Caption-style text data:
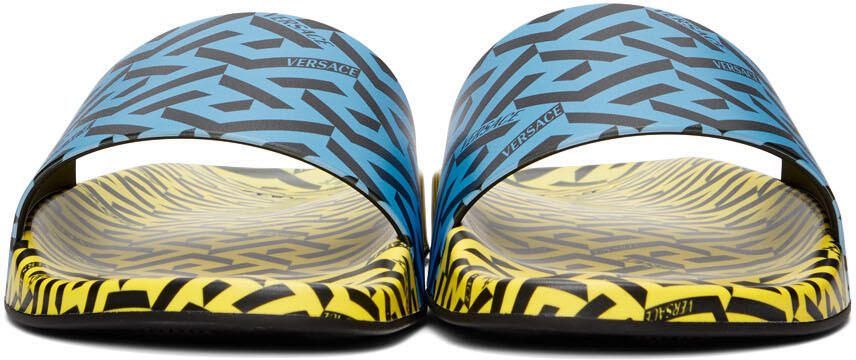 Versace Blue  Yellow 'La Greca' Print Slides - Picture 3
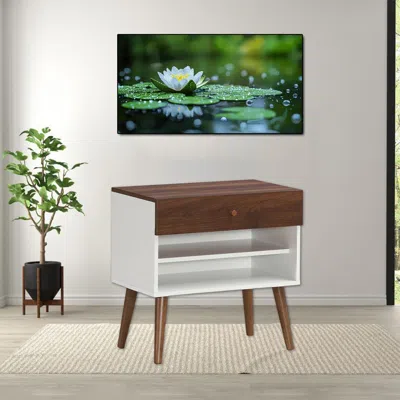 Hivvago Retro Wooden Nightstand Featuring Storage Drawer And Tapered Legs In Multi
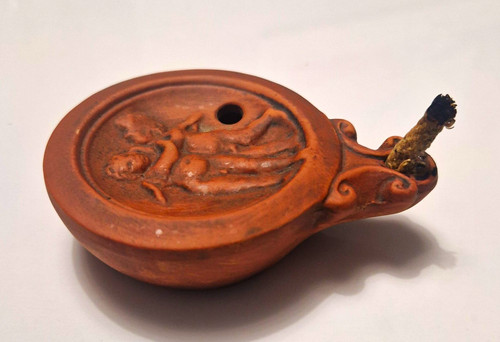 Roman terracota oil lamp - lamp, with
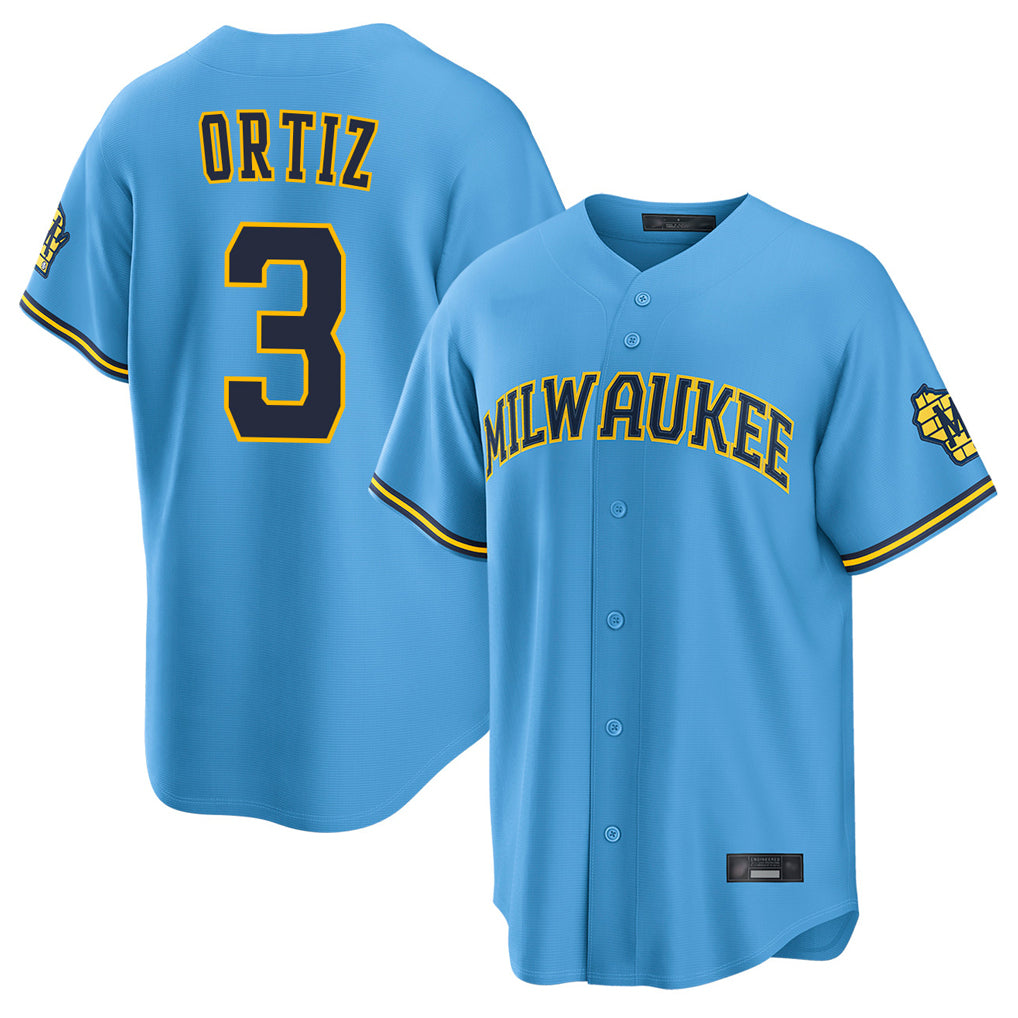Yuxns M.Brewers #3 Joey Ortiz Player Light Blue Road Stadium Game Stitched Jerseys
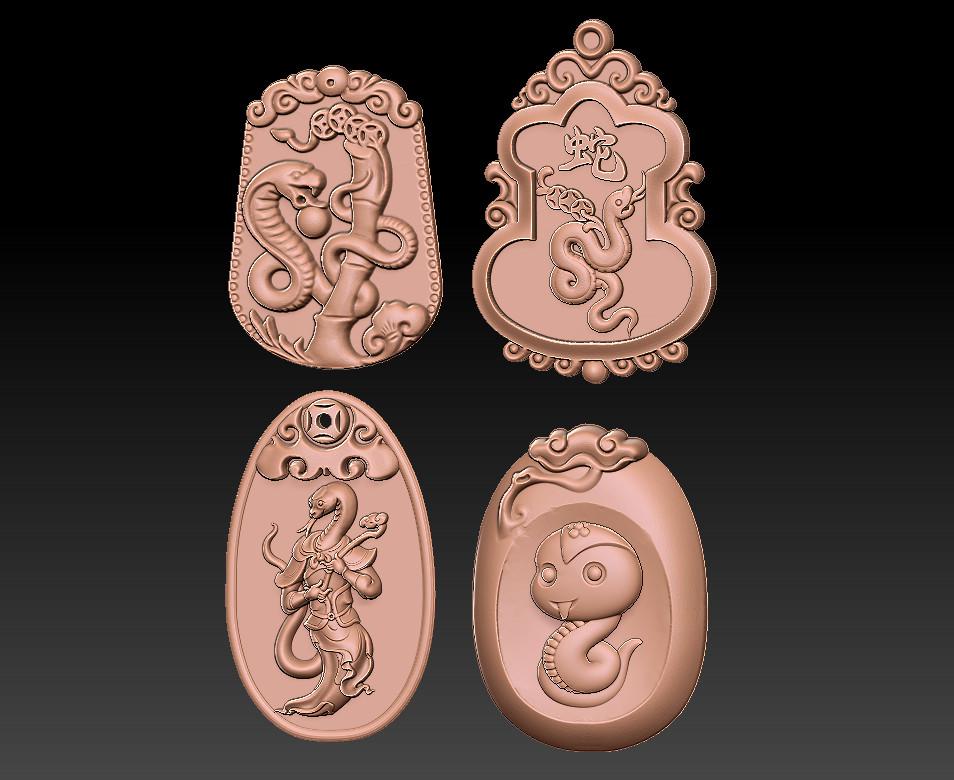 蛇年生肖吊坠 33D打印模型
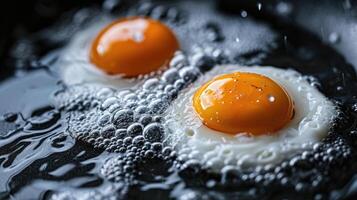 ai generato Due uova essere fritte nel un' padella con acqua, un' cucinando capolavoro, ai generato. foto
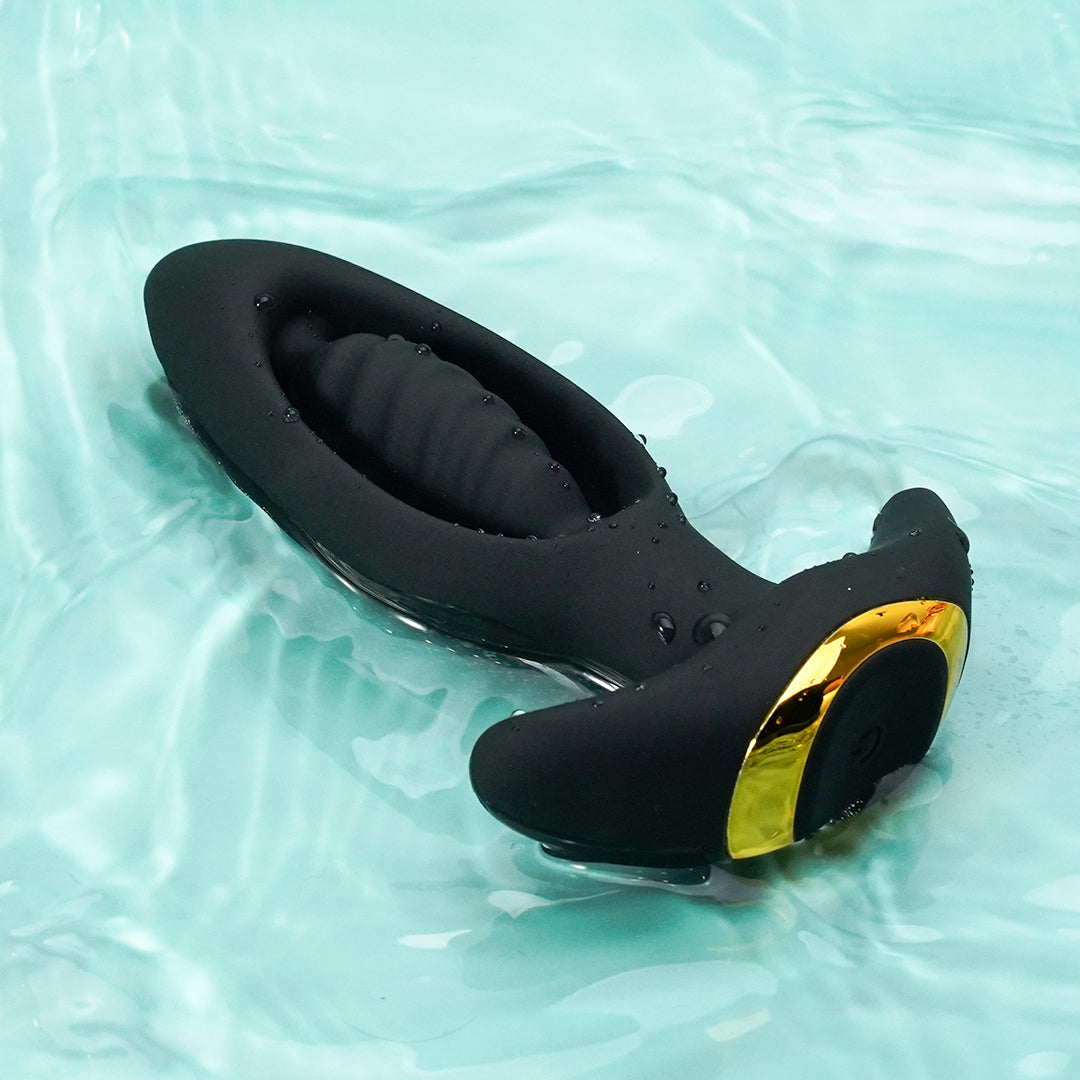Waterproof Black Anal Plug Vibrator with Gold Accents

INSTRUCTIONS FOR THE TASK: Please set down only the lines from the one containing "ai generato Due" through the end of the entries, exactly as they stand, both ends included and with no pictures.

RESPONSE:
 ai generato Due uova essere fritte nel un' padella con acqua, un' cucinando capolavoro, ai generato. foto
Waterproof Black Anal Plug Vibrator with Gold Accents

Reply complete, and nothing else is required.